On pourrait ainsi considérer que dans nos derniers exemples l'alternance entre d'entre (55a) et de (55b) témoignerait d'un degré différent d'objectivité, plus élevé en (55a) qu'en (55b). La grammaire cognitive fournirait ainsi quelque caution à notre observation que la formule d'entre permet de désambiguïser certaines expressions partitives en de en excluant la possibilité d'interpréter de comme article (Englebert 1992, p. 118-120), la désambiguïsation et la recherche de la plus grande objectivité apparaissant comme deux manières différentes de rendre compte du même phénomène.

3. Conclusion

Ce que nous donnions comme une alternance ponctuelle est apparu, par cette étude, comme un problème tentaculaire, touchant à des mécanismes linguistiques variés, entre autres celui des constructions partitives et ceux qui régissent le système des pronoms personnels.

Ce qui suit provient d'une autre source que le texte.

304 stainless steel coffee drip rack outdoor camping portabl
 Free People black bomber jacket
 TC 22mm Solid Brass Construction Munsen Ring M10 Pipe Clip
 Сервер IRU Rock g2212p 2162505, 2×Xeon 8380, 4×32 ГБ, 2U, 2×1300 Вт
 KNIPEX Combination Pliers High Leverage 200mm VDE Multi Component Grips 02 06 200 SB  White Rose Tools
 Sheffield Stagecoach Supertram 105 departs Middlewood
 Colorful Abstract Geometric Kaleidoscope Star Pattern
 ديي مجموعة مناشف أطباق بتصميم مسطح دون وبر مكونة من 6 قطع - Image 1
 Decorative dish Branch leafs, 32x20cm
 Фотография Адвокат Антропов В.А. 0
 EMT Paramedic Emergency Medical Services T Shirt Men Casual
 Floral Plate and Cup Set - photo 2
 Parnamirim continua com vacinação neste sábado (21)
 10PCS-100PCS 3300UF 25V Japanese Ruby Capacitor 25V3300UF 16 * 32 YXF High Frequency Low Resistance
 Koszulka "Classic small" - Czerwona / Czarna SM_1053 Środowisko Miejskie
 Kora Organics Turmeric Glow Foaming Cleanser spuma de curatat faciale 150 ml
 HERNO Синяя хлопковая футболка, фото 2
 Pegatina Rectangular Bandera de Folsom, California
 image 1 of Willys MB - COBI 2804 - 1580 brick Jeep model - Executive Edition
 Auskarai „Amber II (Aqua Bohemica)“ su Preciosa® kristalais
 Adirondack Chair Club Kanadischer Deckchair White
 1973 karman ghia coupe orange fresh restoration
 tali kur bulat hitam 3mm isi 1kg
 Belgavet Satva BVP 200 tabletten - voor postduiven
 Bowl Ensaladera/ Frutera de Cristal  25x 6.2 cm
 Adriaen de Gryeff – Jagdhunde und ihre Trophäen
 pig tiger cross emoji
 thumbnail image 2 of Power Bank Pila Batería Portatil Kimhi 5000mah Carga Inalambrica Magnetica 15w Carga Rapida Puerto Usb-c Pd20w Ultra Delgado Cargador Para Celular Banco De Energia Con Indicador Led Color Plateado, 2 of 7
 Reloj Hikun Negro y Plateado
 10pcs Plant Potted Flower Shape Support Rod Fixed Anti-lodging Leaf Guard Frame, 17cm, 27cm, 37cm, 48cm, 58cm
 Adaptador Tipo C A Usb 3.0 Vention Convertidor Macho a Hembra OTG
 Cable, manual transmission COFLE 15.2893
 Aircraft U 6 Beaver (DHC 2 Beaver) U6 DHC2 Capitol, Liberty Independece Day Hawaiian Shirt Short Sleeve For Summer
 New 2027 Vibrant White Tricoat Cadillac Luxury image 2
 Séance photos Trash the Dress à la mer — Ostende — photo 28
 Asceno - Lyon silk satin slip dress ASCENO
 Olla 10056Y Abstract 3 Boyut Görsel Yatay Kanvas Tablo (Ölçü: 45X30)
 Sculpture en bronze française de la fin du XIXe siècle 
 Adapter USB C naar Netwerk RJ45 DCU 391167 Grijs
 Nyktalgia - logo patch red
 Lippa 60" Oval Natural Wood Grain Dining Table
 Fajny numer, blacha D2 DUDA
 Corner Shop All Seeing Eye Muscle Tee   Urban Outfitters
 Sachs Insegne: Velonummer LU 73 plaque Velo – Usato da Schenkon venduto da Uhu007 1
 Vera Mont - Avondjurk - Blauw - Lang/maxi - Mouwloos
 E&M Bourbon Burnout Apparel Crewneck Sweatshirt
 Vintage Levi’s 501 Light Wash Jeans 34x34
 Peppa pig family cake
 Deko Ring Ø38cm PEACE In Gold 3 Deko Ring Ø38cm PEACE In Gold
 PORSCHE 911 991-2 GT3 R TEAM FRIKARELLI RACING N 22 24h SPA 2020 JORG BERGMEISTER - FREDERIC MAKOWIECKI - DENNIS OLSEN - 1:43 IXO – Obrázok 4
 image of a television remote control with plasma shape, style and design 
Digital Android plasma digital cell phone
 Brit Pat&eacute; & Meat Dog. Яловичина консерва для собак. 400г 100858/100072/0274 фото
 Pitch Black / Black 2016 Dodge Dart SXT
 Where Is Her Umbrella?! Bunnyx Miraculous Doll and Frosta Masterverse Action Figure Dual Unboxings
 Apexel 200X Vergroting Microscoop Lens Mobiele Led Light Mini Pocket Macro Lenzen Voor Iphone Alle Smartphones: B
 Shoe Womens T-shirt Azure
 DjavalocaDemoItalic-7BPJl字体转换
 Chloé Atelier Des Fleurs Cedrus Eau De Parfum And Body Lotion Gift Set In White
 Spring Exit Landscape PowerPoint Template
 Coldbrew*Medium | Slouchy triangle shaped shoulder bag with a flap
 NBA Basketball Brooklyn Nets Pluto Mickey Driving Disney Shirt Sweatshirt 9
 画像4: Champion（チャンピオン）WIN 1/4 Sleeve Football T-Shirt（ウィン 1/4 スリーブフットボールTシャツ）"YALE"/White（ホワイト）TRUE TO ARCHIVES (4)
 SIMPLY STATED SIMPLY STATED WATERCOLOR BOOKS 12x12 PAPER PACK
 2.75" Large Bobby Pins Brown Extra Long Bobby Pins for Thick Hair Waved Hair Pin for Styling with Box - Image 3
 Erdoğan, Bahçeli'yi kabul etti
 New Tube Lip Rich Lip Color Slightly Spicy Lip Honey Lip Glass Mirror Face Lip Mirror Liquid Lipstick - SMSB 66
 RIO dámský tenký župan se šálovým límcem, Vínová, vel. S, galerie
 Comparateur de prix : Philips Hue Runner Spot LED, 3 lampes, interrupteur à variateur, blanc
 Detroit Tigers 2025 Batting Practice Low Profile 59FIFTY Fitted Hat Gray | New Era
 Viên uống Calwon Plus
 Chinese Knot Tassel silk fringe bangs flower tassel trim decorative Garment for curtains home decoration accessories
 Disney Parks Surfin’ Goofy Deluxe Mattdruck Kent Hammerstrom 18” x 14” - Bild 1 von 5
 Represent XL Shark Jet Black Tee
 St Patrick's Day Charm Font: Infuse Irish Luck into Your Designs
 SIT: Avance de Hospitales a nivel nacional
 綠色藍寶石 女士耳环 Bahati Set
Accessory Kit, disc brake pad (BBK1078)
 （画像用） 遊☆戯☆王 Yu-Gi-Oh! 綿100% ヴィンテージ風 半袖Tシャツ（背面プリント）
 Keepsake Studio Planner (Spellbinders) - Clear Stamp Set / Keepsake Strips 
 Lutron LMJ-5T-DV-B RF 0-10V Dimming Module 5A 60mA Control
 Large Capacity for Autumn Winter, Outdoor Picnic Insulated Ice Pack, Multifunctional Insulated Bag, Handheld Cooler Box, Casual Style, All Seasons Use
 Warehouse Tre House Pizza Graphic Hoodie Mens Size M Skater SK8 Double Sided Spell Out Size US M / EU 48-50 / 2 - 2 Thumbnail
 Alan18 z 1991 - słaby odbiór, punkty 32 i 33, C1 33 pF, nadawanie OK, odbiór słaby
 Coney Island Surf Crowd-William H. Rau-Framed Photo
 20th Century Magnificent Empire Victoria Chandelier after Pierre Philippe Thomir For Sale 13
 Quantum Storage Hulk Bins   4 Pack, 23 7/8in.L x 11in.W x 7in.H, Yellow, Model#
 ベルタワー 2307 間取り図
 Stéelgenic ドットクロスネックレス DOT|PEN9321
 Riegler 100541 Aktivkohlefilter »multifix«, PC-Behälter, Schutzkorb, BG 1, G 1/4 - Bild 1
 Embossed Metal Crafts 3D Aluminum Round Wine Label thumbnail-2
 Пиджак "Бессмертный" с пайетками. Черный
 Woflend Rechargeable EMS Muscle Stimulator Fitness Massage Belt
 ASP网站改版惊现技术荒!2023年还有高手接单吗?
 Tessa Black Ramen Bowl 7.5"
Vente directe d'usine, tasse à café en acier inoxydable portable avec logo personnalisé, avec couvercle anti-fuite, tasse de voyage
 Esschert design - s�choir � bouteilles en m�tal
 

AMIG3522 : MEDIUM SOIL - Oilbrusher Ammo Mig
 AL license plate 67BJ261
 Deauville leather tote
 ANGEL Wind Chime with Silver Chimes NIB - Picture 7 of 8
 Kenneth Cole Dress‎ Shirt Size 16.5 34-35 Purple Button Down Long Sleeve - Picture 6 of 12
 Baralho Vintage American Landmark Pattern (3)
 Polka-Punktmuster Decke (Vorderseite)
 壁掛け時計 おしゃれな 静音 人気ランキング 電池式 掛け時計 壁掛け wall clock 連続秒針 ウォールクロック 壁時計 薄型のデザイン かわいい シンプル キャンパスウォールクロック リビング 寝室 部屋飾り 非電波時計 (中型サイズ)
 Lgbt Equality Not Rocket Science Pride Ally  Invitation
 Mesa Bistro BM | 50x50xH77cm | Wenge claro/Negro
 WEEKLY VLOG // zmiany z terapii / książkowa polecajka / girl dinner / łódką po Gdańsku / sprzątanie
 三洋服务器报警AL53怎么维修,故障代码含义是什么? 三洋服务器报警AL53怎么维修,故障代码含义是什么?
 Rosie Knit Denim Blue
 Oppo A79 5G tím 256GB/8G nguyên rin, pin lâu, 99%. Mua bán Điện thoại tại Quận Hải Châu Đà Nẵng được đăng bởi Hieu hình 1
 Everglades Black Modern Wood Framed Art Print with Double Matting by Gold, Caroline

Si l'hypothèse formulée ne propose qu'une solution partielle au problème abordé (elle interprète les tendances dégagées mais non les faits concernés qui échappent à ces tendances), elle trouve toutefois quelque garantie dans la théorie guillaumienne des pronoms personnels et apporte des précisions, vérifiables par les faits, aux éléments d'analyse livrés par Milner. Ceci donne au bilan de notre étude un aspect positif qui encourage à creuser le problème là où la solution reste douteuse.



Notes

1. Le Centre de Recherche Documentaire de l'lnstitut National de la Langue française à Nancy a mis à ma disposition une partie de ses données relatives à cette entrée, soit un millier d'occurrences de d'entre issues de textes contemporains, corpus que j'ai enrichi d'occurrences recueillies au hasard de mes lectures.

2. On en trouvera une description complète dans Englebert, 1992.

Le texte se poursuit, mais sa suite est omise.